Source data →
++++

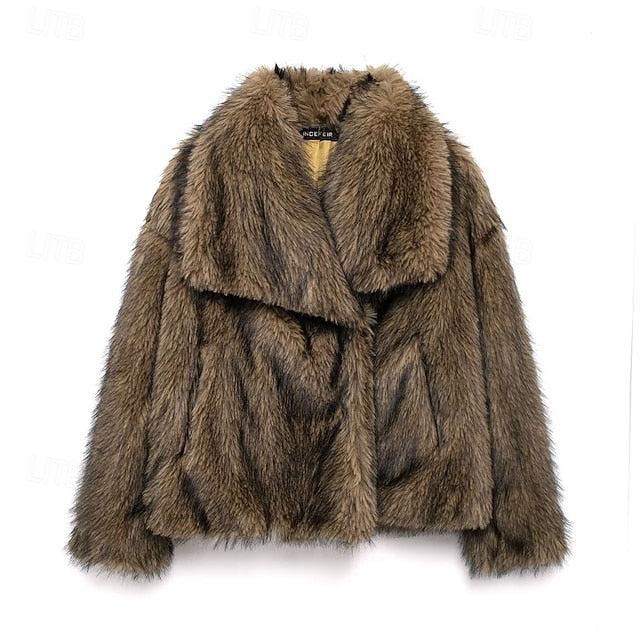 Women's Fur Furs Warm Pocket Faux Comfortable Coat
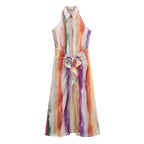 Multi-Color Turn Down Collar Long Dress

++++

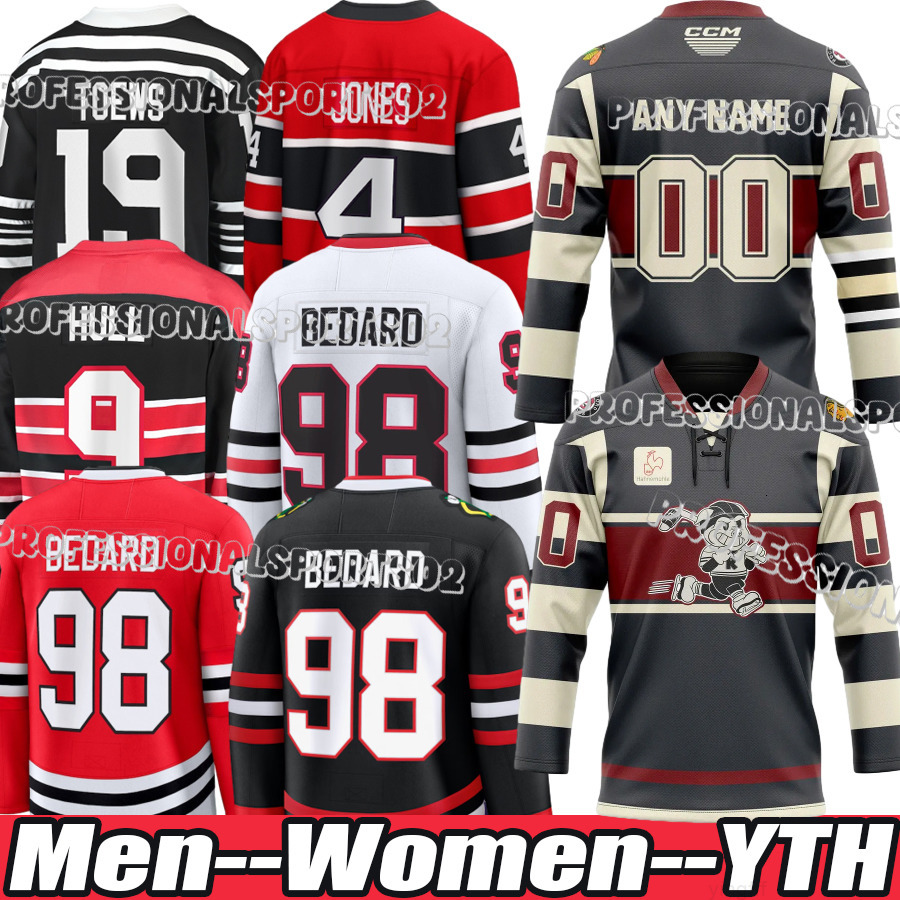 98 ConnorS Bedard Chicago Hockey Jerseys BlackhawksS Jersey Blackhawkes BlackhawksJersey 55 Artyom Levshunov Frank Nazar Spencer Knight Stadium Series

++++

Assignment → Above are entries with pictures among them. Write out exactly the lines from the one containing "Women's Fur Furs" through the one containing "Multi-Color Turn Down Collar Long Dress", ends included, and leave those pictures out.

Output for this exercise →
 Women's Fur Furs Warm Pocket Faux Comfortable Coat
 Multi-Color Turn Down Collar Long Dress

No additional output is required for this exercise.